HEADING FOR RECESSION

Indian economy’s growth without jobs and increasing NPAs of Public Sector Banks is definitely going to hit common masses adversely
The recent claims of the NDA-II government that economic initiatives launched by the Reserve Bank of India had the desired impact on Indian economy belies the aspirations of the common masses who are crying for job opportunities during the past five years. Since the inception of the NDA-government in 2014, there has been significant decline in Gross Domestic Product (GDA) and Gross Value Added (GVA) while the figures for the former appear to be simply manipulated. The important factor is to look at the GVA instead of GDA in the light of the fresh Economic Survey report released before March this year. The survey report paints a very rosy picture on the health of the economy in the country, which has been consistently facing economic downturn due to various factors compared to the previous financial year. In fact, the figures given out in the survey point to three percent decline in the GDP in 2016-17 compared to the 2015-16 in the fourth quarter. Even the growth claimed to have been achieved by the NDA-government has been artificially boosted by agriculture growth of 4.7 percent in last financial year compared to corresponding period in 2015-16 due to favourable conditions and weather and second due to increased spending in public administration and defence because of hike in salaries on the recommendations of 7th pay commission.

This sector’s growth rate was around 11.3 percent three years back compared to 6.9 percent in the previous year. But this growth rate compared to the previous year was only 6.2 percent in core GVA which was lower than the previous fiscal. This, in fact, is deceleration in the economic growth of the country which can be compared to headlong plunge into recession. Going by the current situation in the country when there has been jobless growth in all the sectors, this recession is likely to continue in agriculture sector for the next few years while in the public administration, such a scenario may linger for longer period. Moreover, it is to be borne in mind that expenditure in service sector particularly the government does not show any economic growth in the next financial year because government spending is always having a multiplier effect on all the sectors but there is growth in real terms for the economy.

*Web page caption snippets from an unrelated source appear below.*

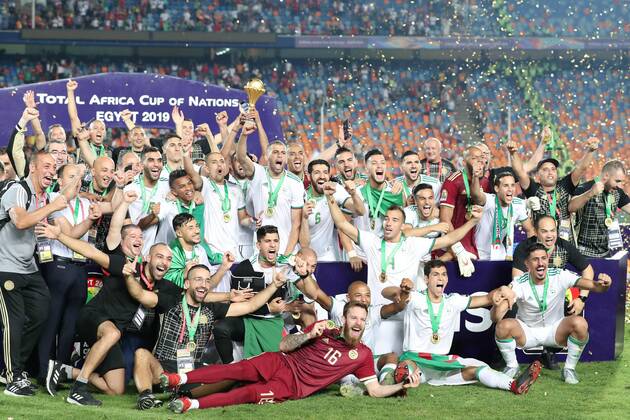 (190720) -- CAIRO, July 20, 2019 -- Team Algeria celebrate during the awarding ceremony after the 2019 Africa Cup of Nations final match between Senegal and Algeria in Cairo, Egypt on July 19, 2019. Algeria won 1-0 and claimed the title. ) (SP)EGYPT-CAIRO-SOCCER-AFRICA CUP OF NATIONS-FINAL-SENEGAL VS ALGERIA WangxTeng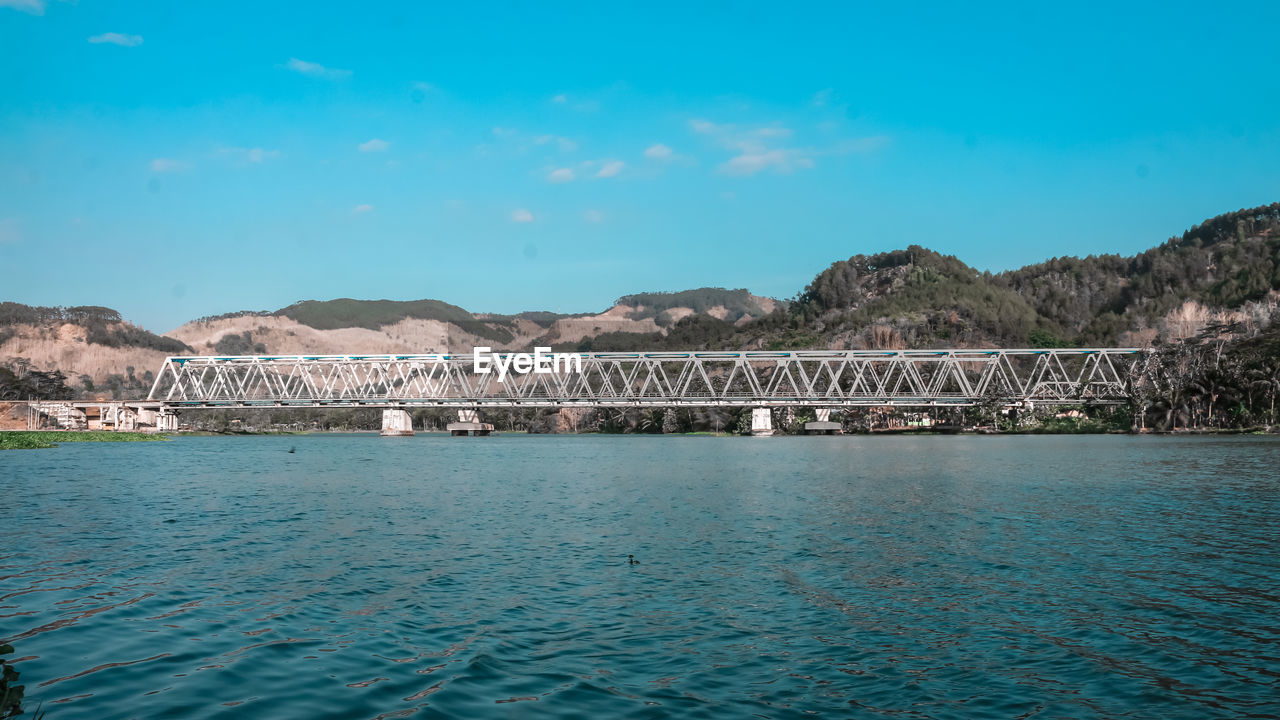 BRIDGE OVER SEA AGAINST SKY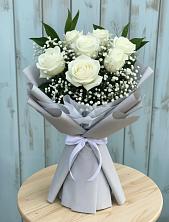 Букет цветов из:  Розы в Монетный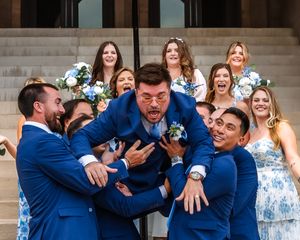 Groomsmen sharing celebratory group hugs in blue suits outdoors.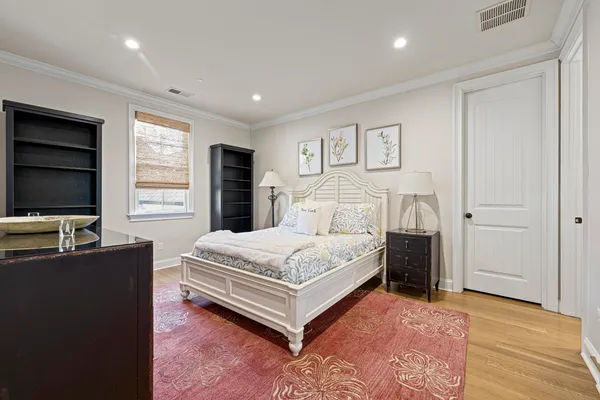 a spacious bedroom with a bed and a flat screen television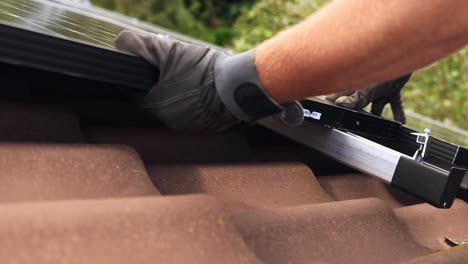 mounting solar panels on metal railings on tile roof, closeup on hands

On the other hand, the claims on control over inflation are also hollow in view of the fact that the prices for agriculture products have witnessed a crash post-demonetisation due to shortage of cash in the market over a period of almost three years. This is despite the fact that agriculture production has registered an increase in the past five years. Lack of support for cash circulation in the market from the Reserve Bank of India played havoc with farmers and rural economy besides hitting the construction sector thereby causing unemployment among the workers. These factors combined together also had a multiplying impact on job creation, crash in real estate prices, worry among the public sector banks and increase in Non-Performing Assets (NPA). But while recession has already taken over in some of these sectors, the main worry among the public sector banks was due to heavy investments in the infra-structure sector when huge loans were sanctioned in favour of big corporate houses. In this process, government pressure on advancing loans to select corporate houses played a spoil sports for the public sector banks. But the private banks did not yield to the pressure and played smart not falling into a debt trap.

That is why, there has been clamour among the politicians of the ruling elite to call for privation or merger of public sector banks, which may wipe out the gains of cheap funds in their chests and hit the deposits of the common masses. Apart from this, there were two external factors that put the Indian Rupee on appreciation highway against the US Dollar, one was high interest rates offered by Indian banks and US making no change in its interest rates. This continued to attract foreign investments and deposits from foreign countries. But these gains were checkmated by China when the latter depreciated its currency to maintain high level of exports hitting Indian exports and increasing balance of payments to India’s disadvantage. Now that the situation has reached such a pass, the assumptions of the NDA-government in correcting the course of economic recovery do not appear to be realistic in retrieving the economic downturn in the next few years to come.